AI is moving fast. That is not new information. But in education, adoption has been slow, and the gap between what the technology can do and what institutions are preparing students for continues to widen. That gap is exactly where fluency lives.

Over the past year, through conversations with leadership and colleagues across multiple universities, I have been making the case for AI fluency adoption, NOT awareness training. Not literacy in the general sense of knowing AI exists. Fluency, meaning the kind of understanding that moves people from knowing about AI to actually knowing how to think with it, evaluate it, direct it, and maintain meaningful oversight as it becomes more capable and more autonomous. I had been building toward that argument since 2021.
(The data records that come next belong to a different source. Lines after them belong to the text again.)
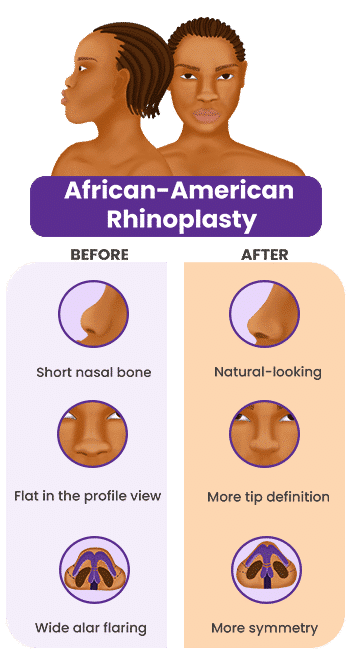 African american rhinoplasty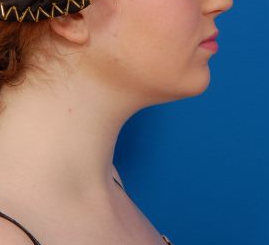 Woman's face, before Submental Lipocontouring treatment, r-side view, patient 8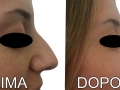 rinoplastica11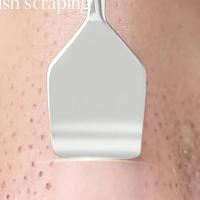 Extructor De Puntos Negros Y Acné De Acero Inoxidable Doble Punta Herramienta Multifuncional Para El Rostro Eliminador De Comedones - details 6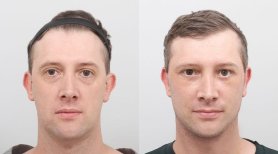 Fotos vor und nach Facelift durch Dr. Inho Bae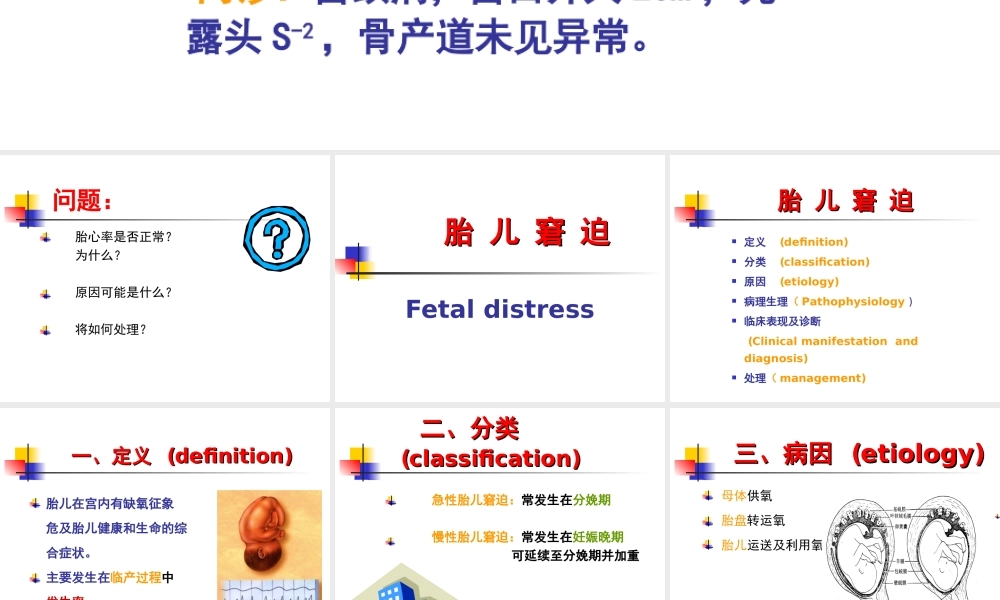 胎儿窘迫.ppt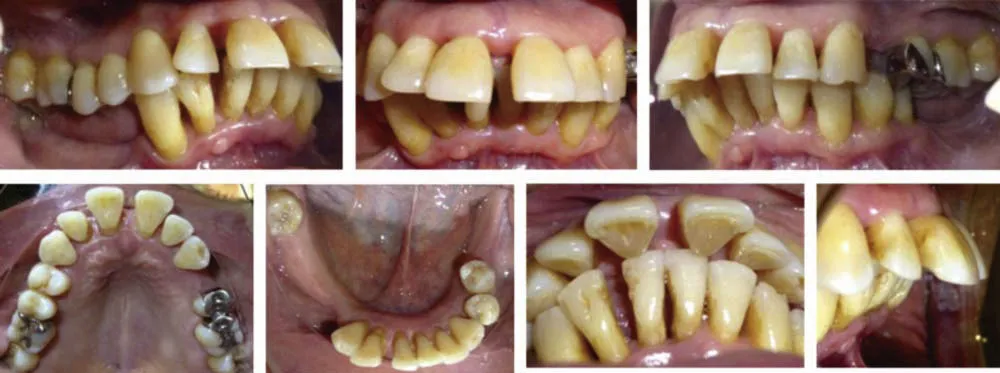 Подвижность зубов как следствие пародонтита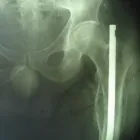 Imagem 2 da empresa FISIOTERAPIA(CONSULTORIO E DOMICILIAR) - ARMINDO PERDIGÃO Fisioterapia em Curitiba PR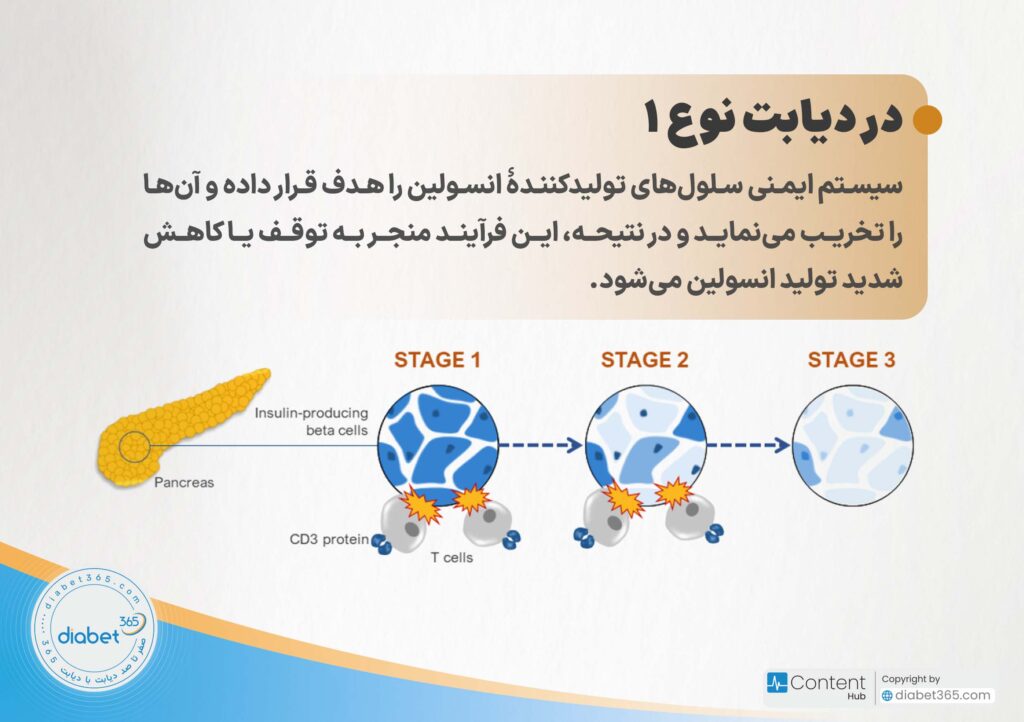 دیابت نوع 1 و 2 چه تفاوتی دارند؟: در دیابت نوع ۱، سیستم ایمنی سلولهای تولیدکنندۀ انسولین را هدف قرار داده و آنها را تخریب مینماید و در نتیحه، این فرآیند منجر به توقف یا کاهش شدید تولید انسولین میشود.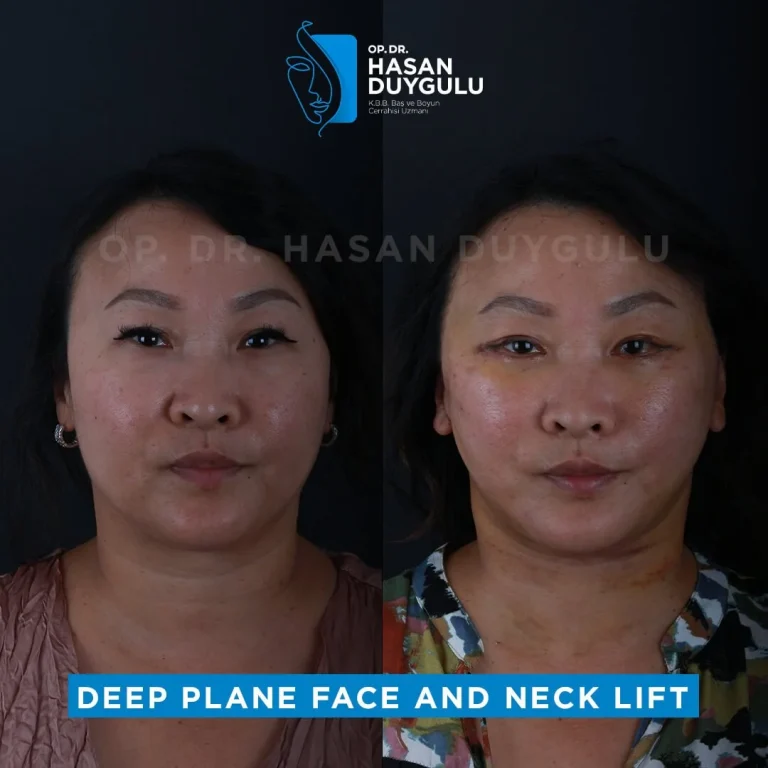face-lift-before-after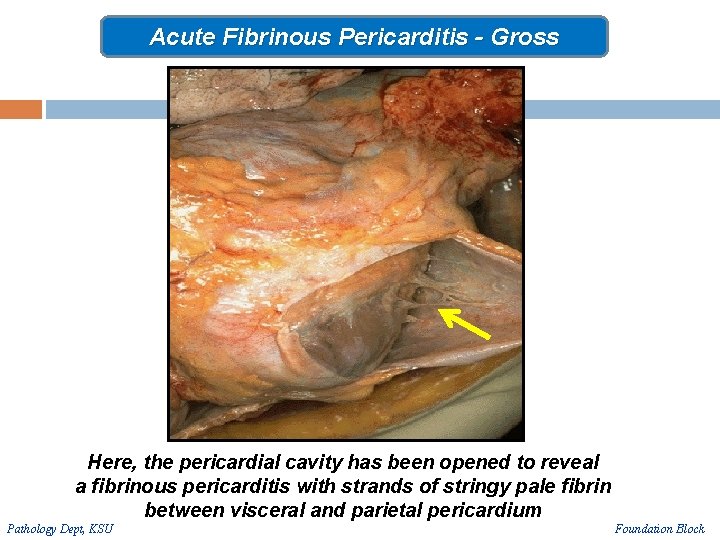 Acute Fibrinous Pericarditis - Gross Here, the pericardial cavity has been opened to reveal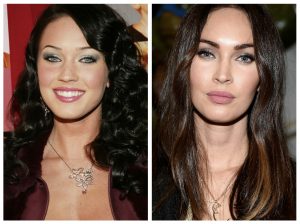 bolas de bichat antes y despues Megan Fox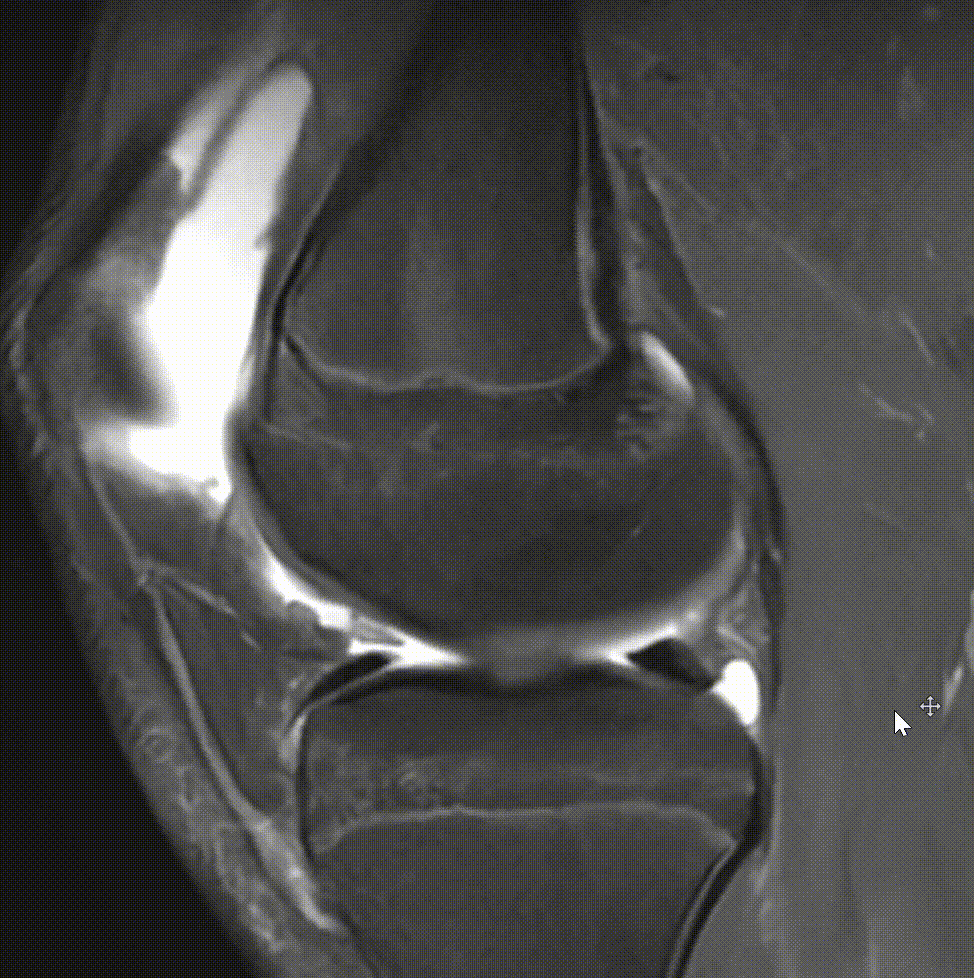 Secvență RMN sagitală de genunchi la un copil cu ruptură de ligament încrucișat anterior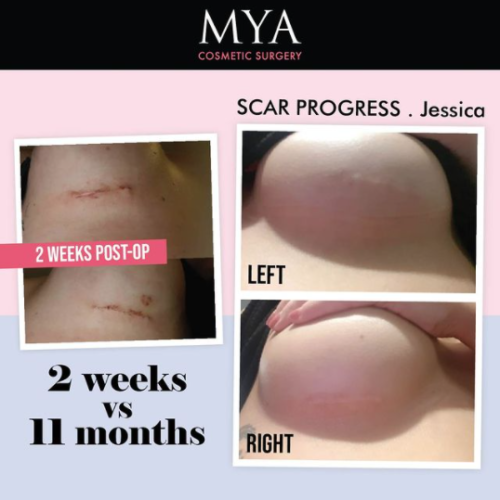 Breast Surgery Scarring Guide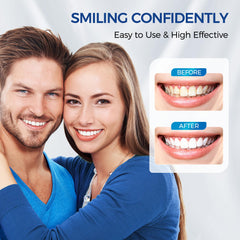 Toos Show Included Items help you prepare for whitening at home.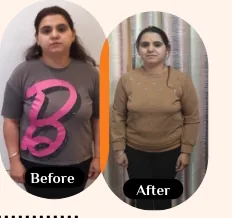 Shinky Gupta before and after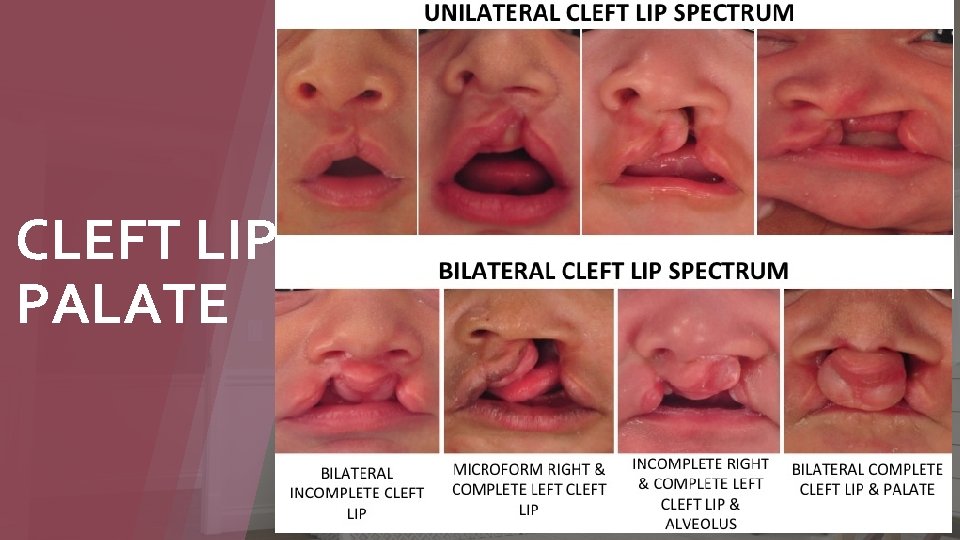CLEFT LIP/ PALATE ØMC congenital anomaly of the face ØAsian: 1 per 350 births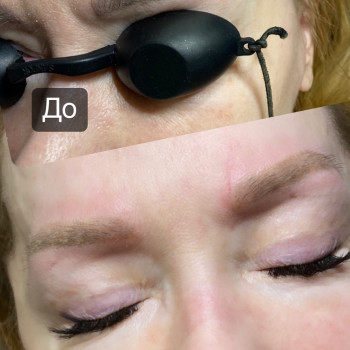 Лазерне видалення тату
                    Майстер перманентного макіяжу Наталья Київ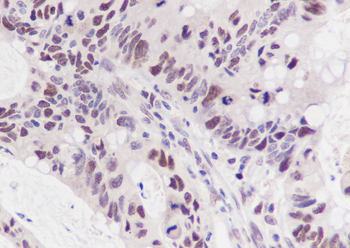 MSH6 Recombinant Mouse Monoclonal Antibody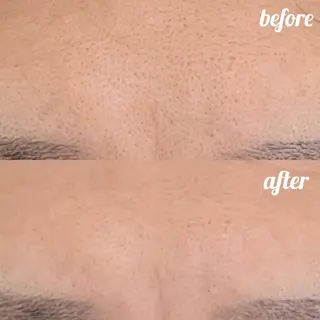 メンズ 小顔・ツルツル素肌 ハリステリアのエステ・リラクイメージ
On February 23, 2026, Anthropic published their AI Fluency Report. I have been waiting for something like it and excited to see the needle move in that direction. I read it carefully, alongside the primary documents it draws from. And I have concerns I think are worth naming in public, especially for the educators, administrators, and researchers who will be asked to take this report seriously.

How These Findings Fit the Existing Literature

The two main findings in this report are worth examining against what the learning sciences already tell us. The finding that iterative, back-and-forth engagement with AI is associated with higher rates of every other fluency behavior is consistent with decades of research on dialogic learning and productive struggle. Vygotsky’s work on the zone of proximal development, Bereiter and Scardamalia’s knowledge building framework, and Kapur’s (2016) research on productive failure all point in the same direction: sustained cognitive engagement produces better outcomes than transactional exchange. Anthropic has not discovered something new here. They have confirmed an existing pattern in a new context, which is genuinely useful but also means the finding should not surprise educators or be treated as novel evidence. Holmes, Bialik, and Fadel (2019) made this same case years ago when they outlined why educational AI measurement matters and situated it within a longer history of promises about technology in learning.

The finding that users become less evaluative when AI produces polished-looking outputs is equally consistent with existing research on automation bias, the well-documented tendency for people to reduce their own scrutiny and over-rely on automated outputs when something appears finished and functional (Parasuraman and Manzey, 2010). The fact that this pattern appears in AI interactions is important to document. The fact that it appears there should not be surprising to anyone familiar with the cognitive science literature. This concern is amplified by emerging evidence on cognitive offloading. Gerlich (2025) found that sustained AI tool use was associated with reduced engagement and diminished independent reasoning, while a Microsoft Research study (Lee et al., 2025) documented measurable declines in critical thinking among users who relied heavily on AI assistance. These findings give additional weight to the automation bias pattern and suggest the problem may extend beyond evaluation into deeper cognitive processes.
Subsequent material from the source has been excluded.